■ **Instructions to follow**:
Could the listing below be returned exactly, with its pictures left out?

*** Entries supplied ***

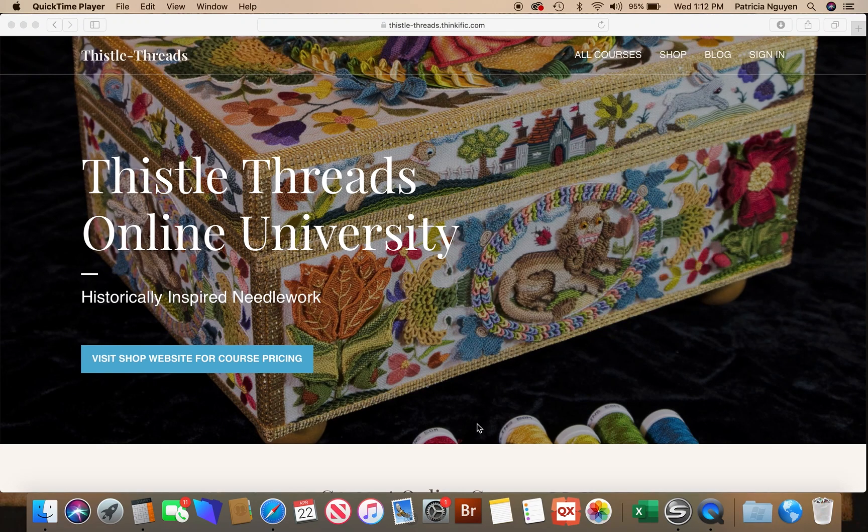I'd like to give everyone a tour of the new online University for Thistle Threads website. This is the home page that you get to when you type thistle-threads.thinkific.com or take one of the links from the main website pages.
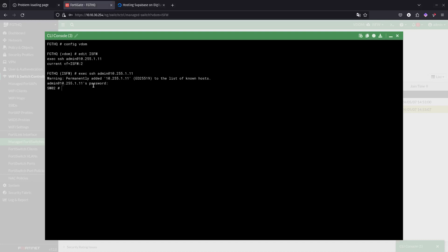This shows you how you can change the password for all of them. One thing is that you can create a profile and then assign the password there and assign the profile to the switches. Or if they're all using the default profile, you can just do it on the default profile and change the password there.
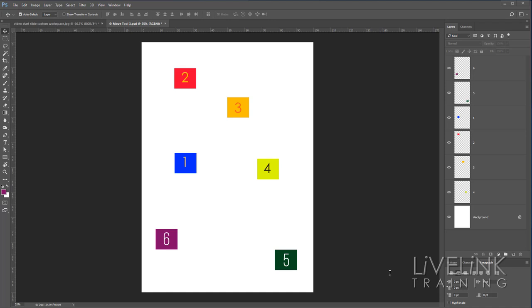Hi, in this video you're going to learn how to use the Move Tool and the alignment options. My name is Ken Fisher and this is Live Link Training.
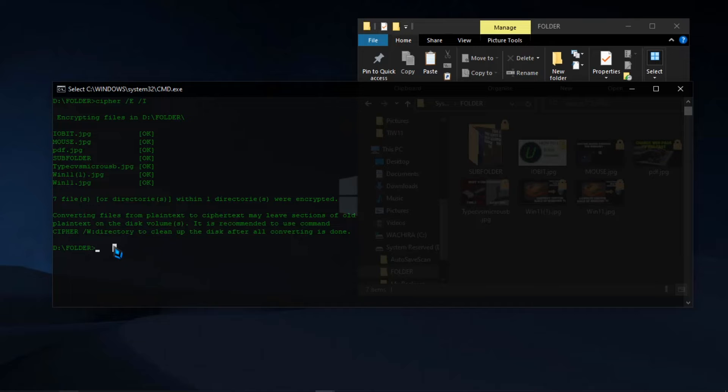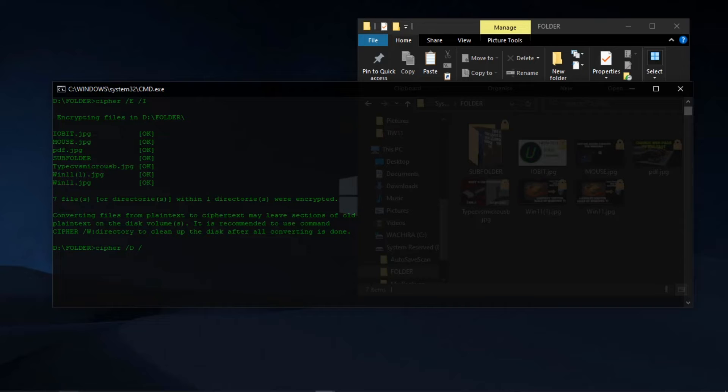To decrypt the contents, type cipher /D. The different commands for encryption also apply here. You only change E to D for decryption.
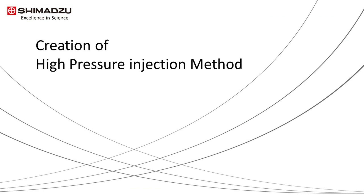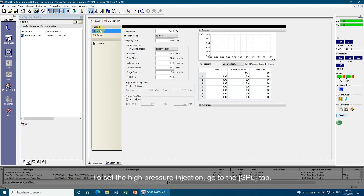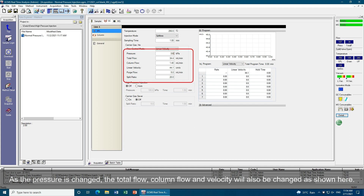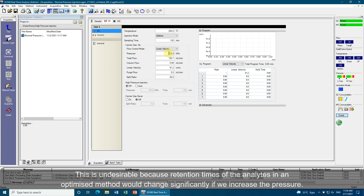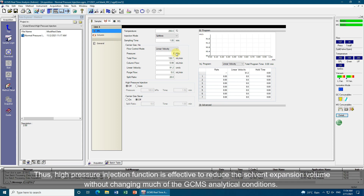Once the head pressure has been determined, proceed to create the high-pressure injection method using the real-time analysis in GC-MS solution. To set the high-pressure injection, go to the SPL tab. As the pressure is changed, the total flow, column flow, and velocity will also change. This is undesirable because retention times of analytes in an optimized method would change significantly if we increase the pressure. Thus, the high-pressure injection function is effective to reduce the solvent expansion volume without changing much of the GC-MS analytical conditions.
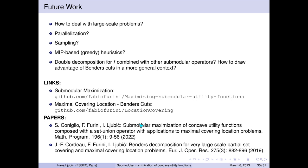The code is publicly available: the code for this paper is on the GitHub of Fabio Furini, and the related code for the maximal covering location problem, where we developed a branch-and-boundless cut approach, is also available on GitHub. Everything is open source. Thank you so much for your attention.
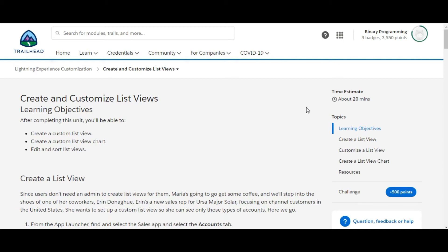Hello guys, welcome to Binary Programming. In this video, we will solve the third challenge of Lightning Experience Customization module of Admin Beginner.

*** End of Entries supplied ***

■ **Problem solution**:
I'd like to give everyone a tour of the new online University for Thistle Threads website. This is the home page that you get to when you type thistle-threads.thinkific.com or take one of the links from the main website pages.
This shows you how you can change the password for all of them. One thing is that you can create a profile and then assign the password there and assign the profile to the switches. Or if they're all using the default profile, you can just do it on the default profile and change the password there.
Hi, in this video you're going to learn how to use the Move Tool and the alignment options. My name is Ken Fisher and this is Live Link Training.
To decrypt the contents, type cipher /D. The different commands for encryption also apply here. You only change E to D for decryption.
Once the head pressure has been determined, proceed to create the high-pressure injection method using the real-time analysis in GC-MS solution. To set the high-pressure injection, go to the SPL tab. As the pressure is changed, the total flow, column flow, and velocity will also change. This is undesirable because retention times of analytes in an optimized method would change significantly if we increase the pressure. Thus, the high-pressure injection function is effective to reduce the solvent expansion volume without changing much of the GC-MS analytical conditions.
The code is publicly available: the code for this paper is on the GitHub of Fabio Furini, and the related code for the maximal covering location problem, where we developed a branch-and-boundless cut approach, is also available on GitHub. Everything is open source. Thank you so much for your attention.
Hello guys, welcome to Binary Programming. In this video, we will solve the third challenge of Lightning Experience Customization module of Admin Beginner.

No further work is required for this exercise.